同じ村にオルガの従兄弟がいた。砂糖製造会社を経営する伯父の息子であるヘルベルトと娘であるビクトリアである。オルガはヘルベルトと時間を過ごすようになる。ビクトリアは、寄宿舎制の学校に入るために家を出て行く。

オルガとヘルベルトは、恋仲になる。常に新しい冒険を求めるヘルベルトは、志願兵としてドイツ領南西アフリカ(現在のナミビア)に赴く。そこで、原住民、ヘレロとの戦闘に参加する。病を負ったヘルベルトであるが、無事アフリカより帰還する。

ヘルベルトがアフリカにいるとき、オルガは、ティルジット(現在のロシア領)で教員養成の学校へ通い始める。彼女が学校を卒業したとき、たまたまその学校の教員に欠員ができ、オルガはその学校で働くことになる。
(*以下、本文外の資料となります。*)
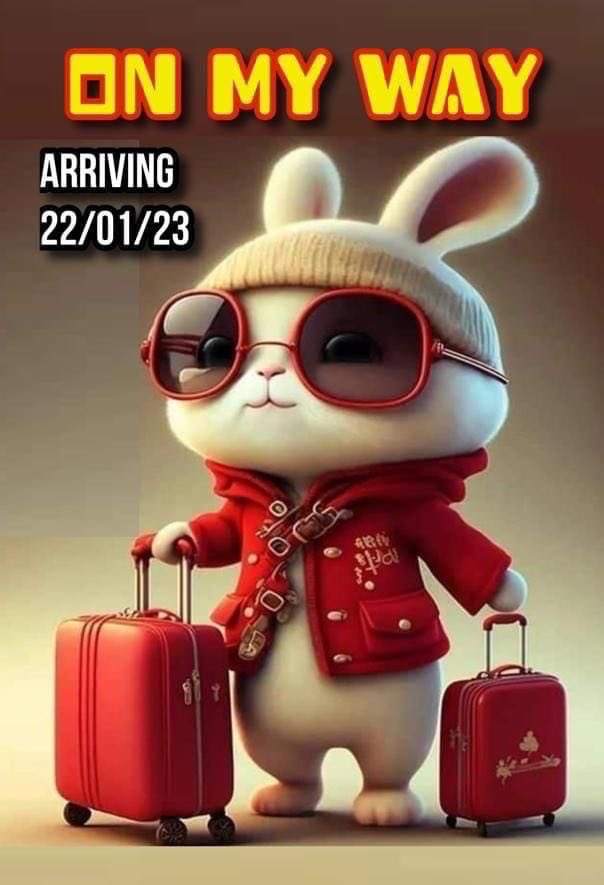 Wish everyone a happy Chinese rabbit Year! To health and happiness!新年快乐！#ChineseNewYear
ヘルベルトの両親は、ヘルベルトに会社を継ぐことを期待しており、息子が海外を飛び回ること、スラブ系の血の入ったオルガと結婚することに反対していた。ヘルベルトとオルガはしばしば屋外で関係を持つ。ある日、オルガはヘルベルトを一軒の農家に案内する。そして、その家の子供であると言って、アイクという名前の男の子をヘルベルトに紹介する。

アフリカから帰ったヘルベルトだが、次にアルゼンチンのアンデス山脈への旅行を企てる。毒蛇に噛まれるなど、何度か窮地に陥るが、今回も彼は無事にドイツに帰還する。その後も、彼はフィンランドのカレリア地方、シベリア、カムチャツカ半島など、辺境地帯を訪れる。

 当時のドイツは、領土拡大政策の真っただ中であった。ヘルベルトは次に北極に興味を持ち始める。北極海を抜ける航路を開拓すれば、容易にアジアに到達でき、大きな国益になると、彼は考えた。ヘルベルトは、地元の講演会で、北極探査の重要性を説く。それに興味を示す人々やスポンサーも現れる。しかし、それを無謀な試みであると否定する人々もいた。ヘルベルトは一九一三年、ようやく北極探査の準備を始める。しかし、スポンサーとの交渉が長引き、彼がドイツを発ってノルウェーに向かって出発したのは、北極の短い夏の終わろうとする七月の末のことであった。出発の前夜、オルガはヘルベルトと過ごす。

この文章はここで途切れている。